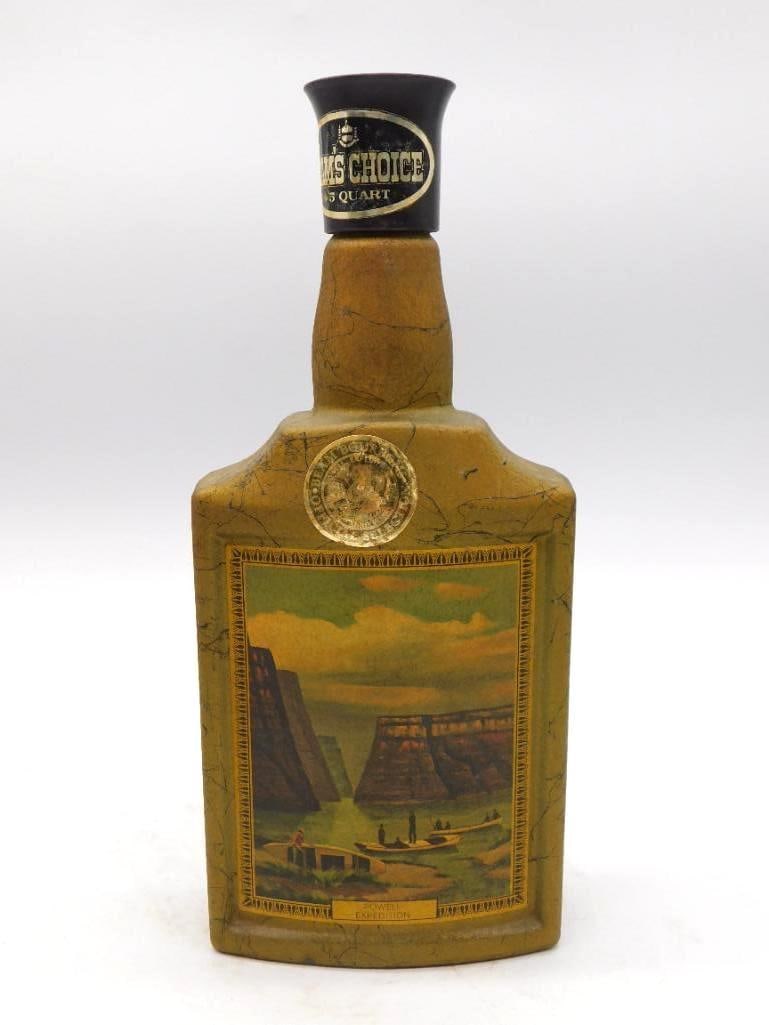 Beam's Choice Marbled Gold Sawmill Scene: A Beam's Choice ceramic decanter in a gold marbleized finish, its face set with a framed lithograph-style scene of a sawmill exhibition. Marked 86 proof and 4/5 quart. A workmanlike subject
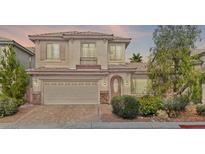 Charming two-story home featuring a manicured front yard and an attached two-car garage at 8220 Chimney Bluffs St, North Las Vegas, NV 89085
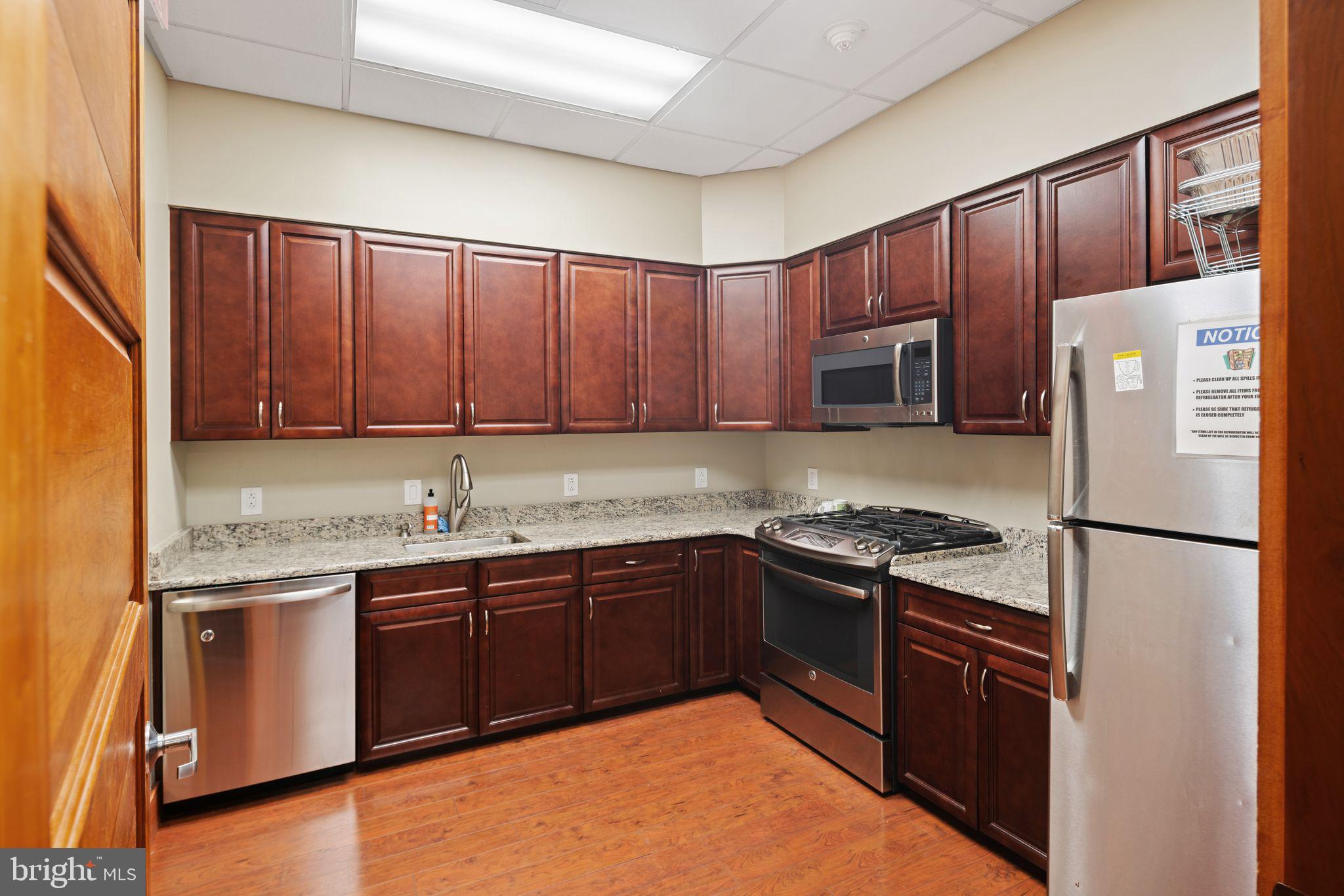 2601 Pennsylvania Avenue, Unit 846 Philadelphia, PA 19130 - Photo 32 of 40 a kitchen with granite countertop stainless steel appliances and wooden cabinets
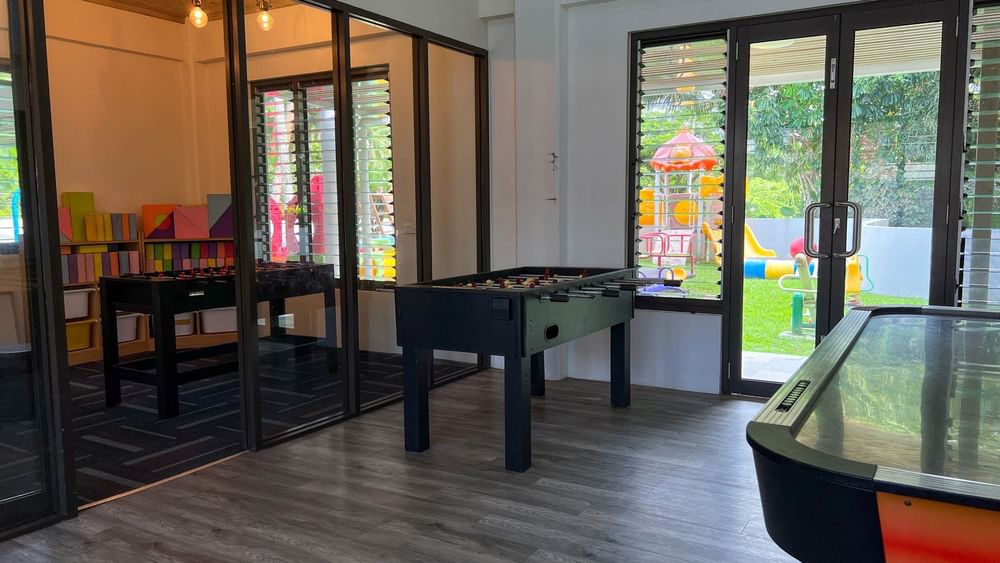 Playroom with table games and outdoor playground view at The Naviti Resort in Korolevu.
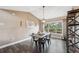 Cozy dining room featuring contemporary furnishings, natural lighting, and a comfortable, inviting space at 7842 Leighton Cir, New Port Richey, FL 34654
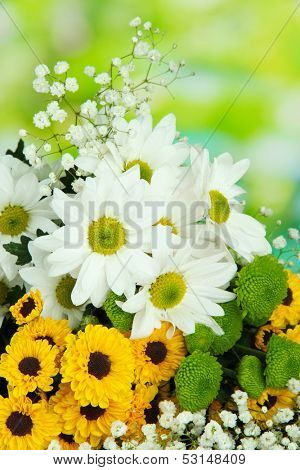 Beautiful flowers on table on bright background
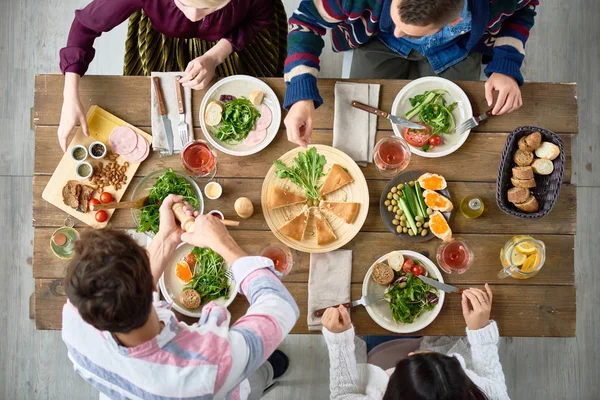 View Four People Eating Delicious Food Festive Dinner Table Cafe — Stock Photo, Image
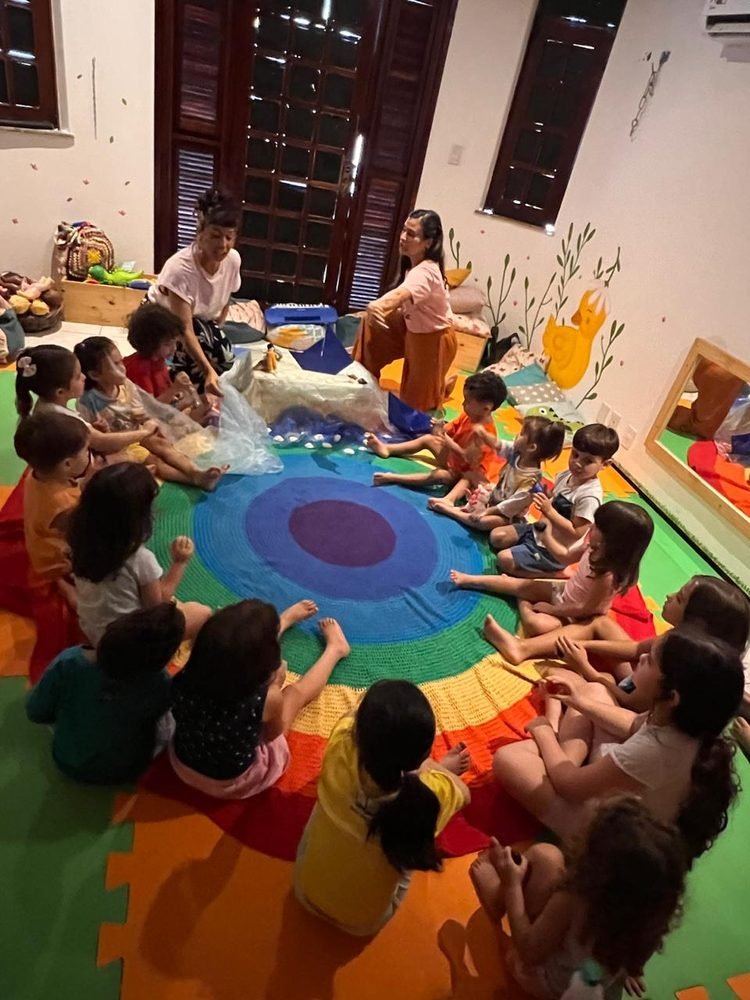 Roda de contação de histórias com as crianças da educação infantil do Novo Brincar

==*==

What is being asked
Write out the lines from the line with "Beautiful flowers on" through the end of the records exactly; do not include pictures or any other lines.

Answer below
 Beautiful flowers on table on bright background
 View Four People Eating Delicious Food Festive Dinner Table Cafe — Stock Photo, Image
 Roda de contação de histórias com as crianças da educação infantil do Novo Brincar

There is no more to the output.